--- EXTRACTED DATA ---

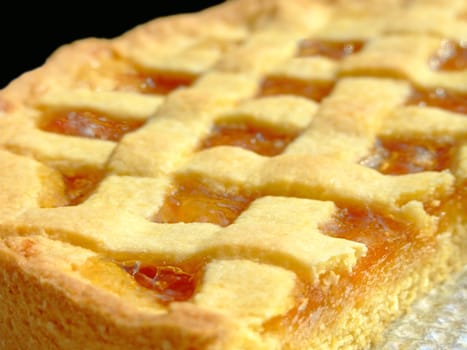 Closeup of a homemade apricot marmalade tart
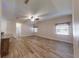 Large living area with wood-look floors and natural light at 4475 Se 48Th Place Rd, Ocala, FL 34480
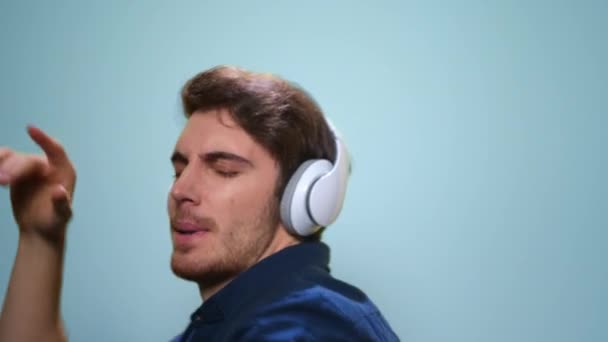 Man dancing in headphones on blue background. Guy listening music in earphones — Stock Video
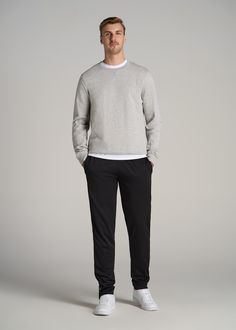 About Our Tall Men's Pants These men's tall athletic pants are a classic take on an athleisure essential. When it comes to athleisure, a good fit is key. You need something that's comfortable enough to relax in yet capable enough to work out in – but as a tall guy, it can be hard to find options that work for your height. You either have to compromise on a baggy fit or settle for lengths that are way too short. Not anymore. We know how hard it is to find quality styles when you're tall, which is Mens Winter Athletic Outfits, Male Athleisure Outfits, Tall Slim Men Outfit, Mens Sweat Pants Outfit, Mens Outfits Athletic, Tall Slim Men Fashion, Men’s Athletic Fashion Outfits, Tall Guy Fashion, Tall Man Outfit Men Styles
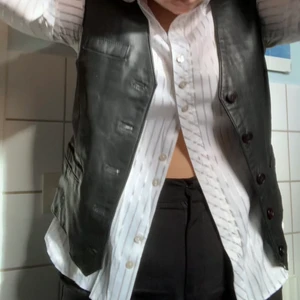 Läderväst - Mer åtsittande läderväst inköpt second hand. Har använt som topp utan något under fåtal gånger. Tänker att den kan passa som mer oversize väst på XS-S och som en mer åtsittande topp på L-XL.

---
--- EXTRACTED DATA ---

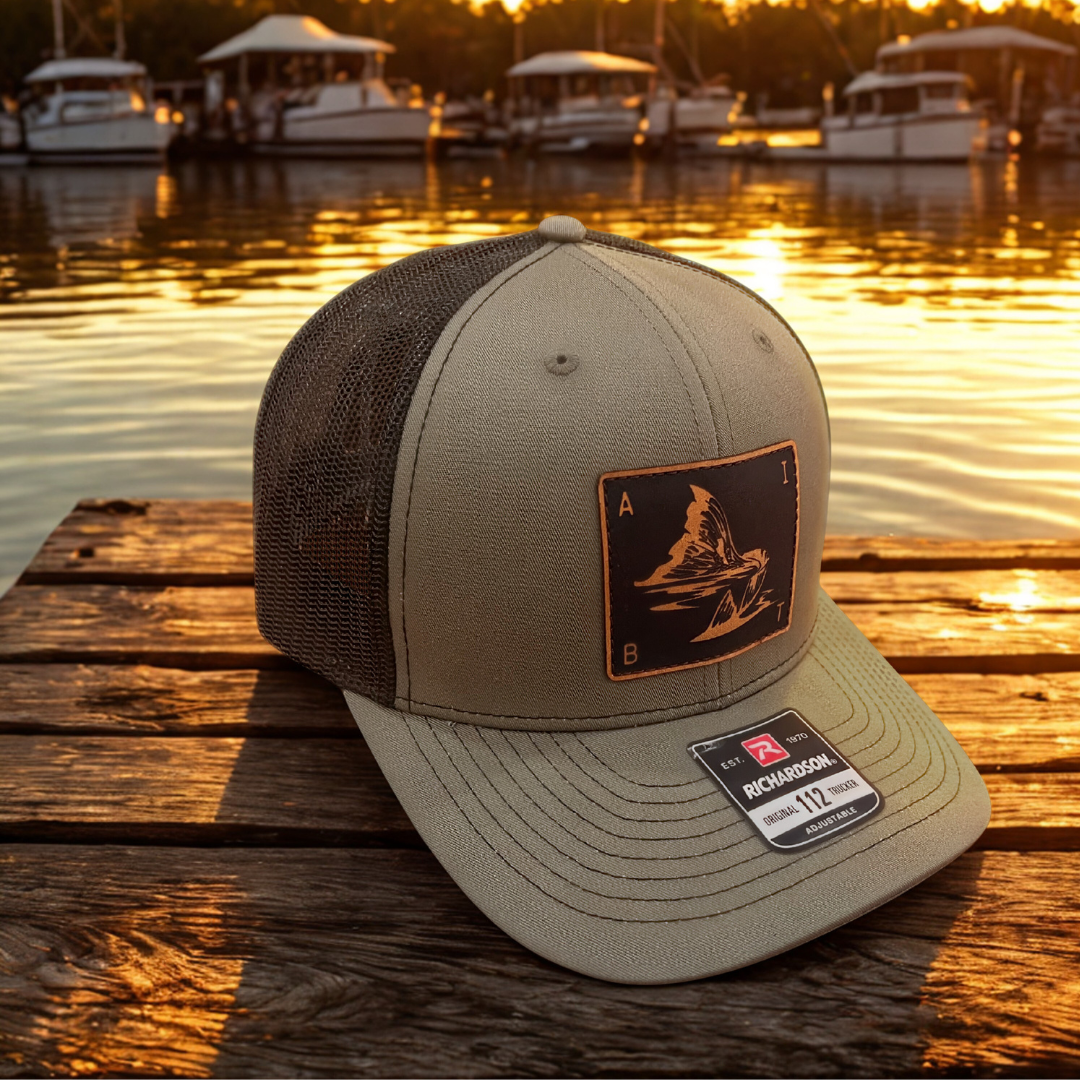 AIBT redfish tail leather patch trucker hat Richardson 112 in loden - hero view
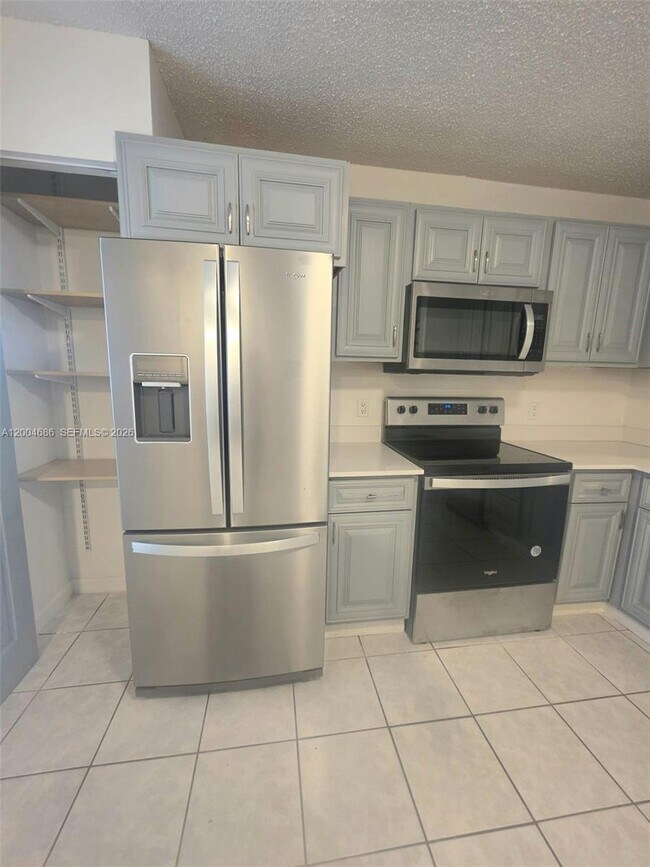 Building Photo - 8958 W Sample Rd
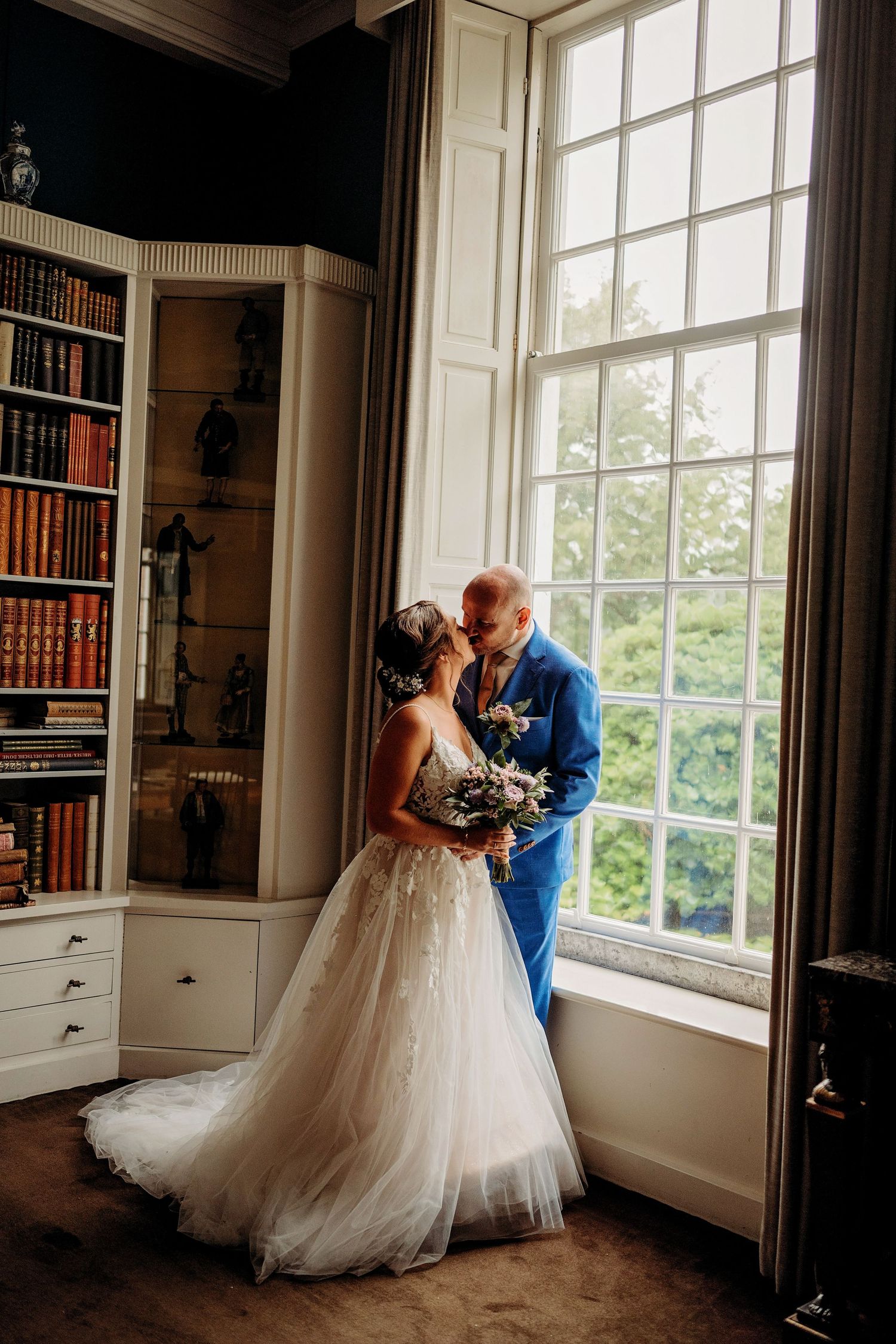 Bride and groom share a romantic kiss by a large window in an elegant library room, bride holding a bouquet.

---
--- EXTRACTED DATA ---

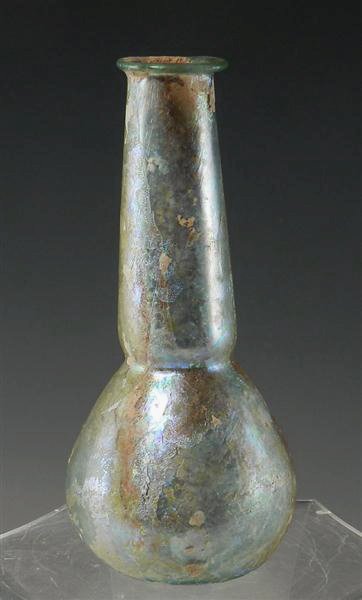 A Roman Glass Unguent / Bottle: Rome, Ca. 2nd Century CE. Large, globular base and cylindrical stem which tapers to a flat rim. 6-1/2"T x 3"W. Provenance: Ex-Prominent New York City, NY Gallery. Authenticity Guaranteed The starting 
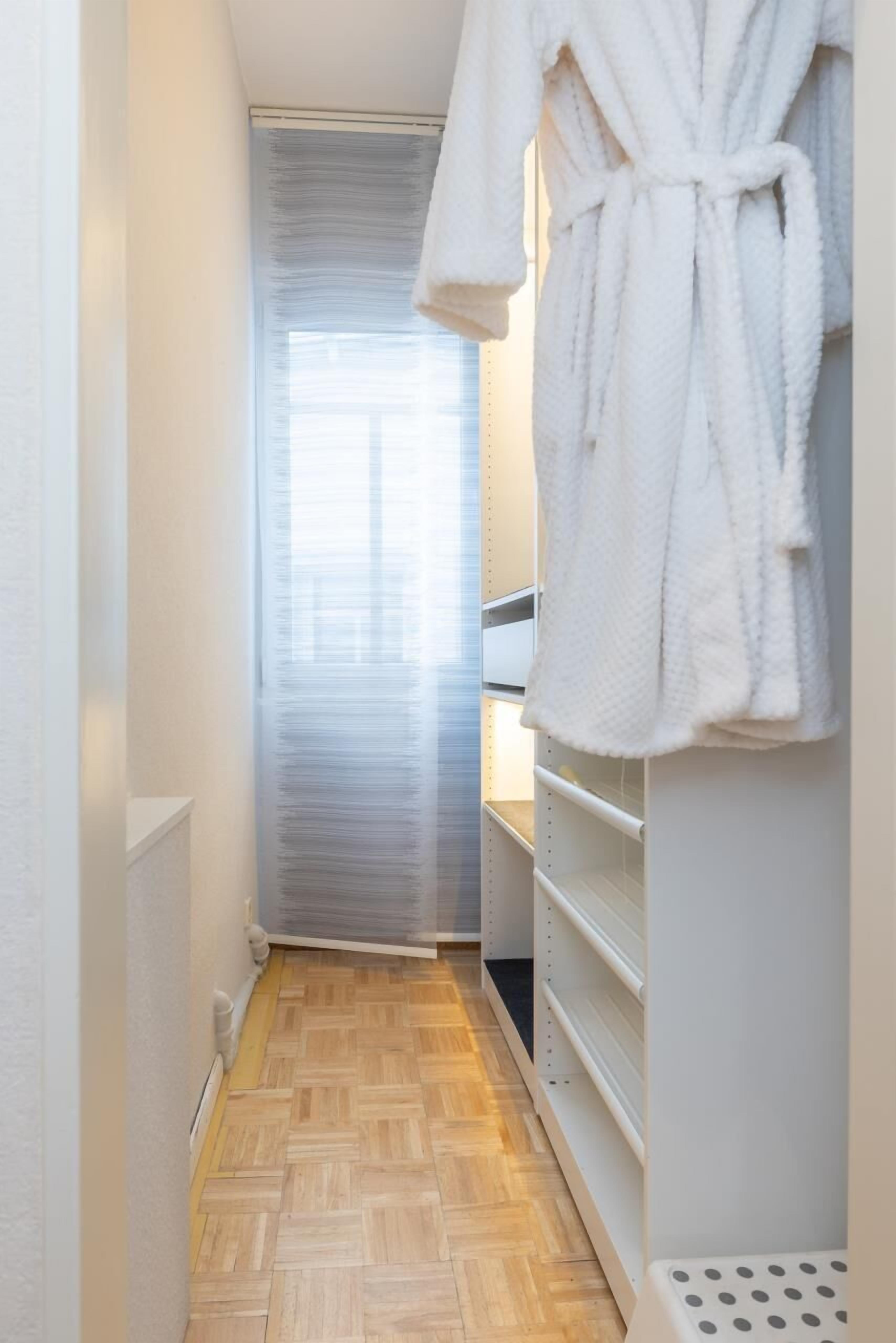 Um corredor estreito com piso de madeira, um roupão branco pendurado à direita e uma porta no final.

---

Within the entries above, give again exactly the lines starting at the one that contains "Closeup of a homemade apricot marmalade tart" and ending at the one that contains "Läderväst - Mer", leaving out the pictures.

* **TASK ANSWER**
 Closeup of a homemade apricot marmalade tart
 Large living area with wood-look floors and natural light at 4475 Se 48Th Place Rd, Ocala, FL 34480
 Man dancing in headphones on blue background. Guy listening music in earphones — Stock Video
 About Our Tall Men's Pants These men's tall athletic pants are a classic take on an athleisure essential. When it comes to athleisure, a good fit is key. You need something that's comfortable enough to relax in yet capable enough to work out in – but as a tall guy, it can be hard to find options that work for your height. You either have to compromise on a baggy fit or settle for lengths that are way too short. Not anymore. We know how hard it is to find quality styles when you're tall, which is Mens Winter Athletic Outfits, Male Athleisure Outfits, Tall Slim Men Outfit, Mens Sweat Pants Outfit, Mens Outfits Athletic, Tall Slim Men Fashion, Men’s Athletic Fashion Outfits, Tall Guy Fashion, Tall Man Outfit Men Styles
 Läderväst - Mer åtsittande läderväst inköpt second hand. Har använt som topp utan något under fåtal gånger. Tänker att den kan passa som mer oversize väst på XS-S och som en mer åtsittande topp på L-XL.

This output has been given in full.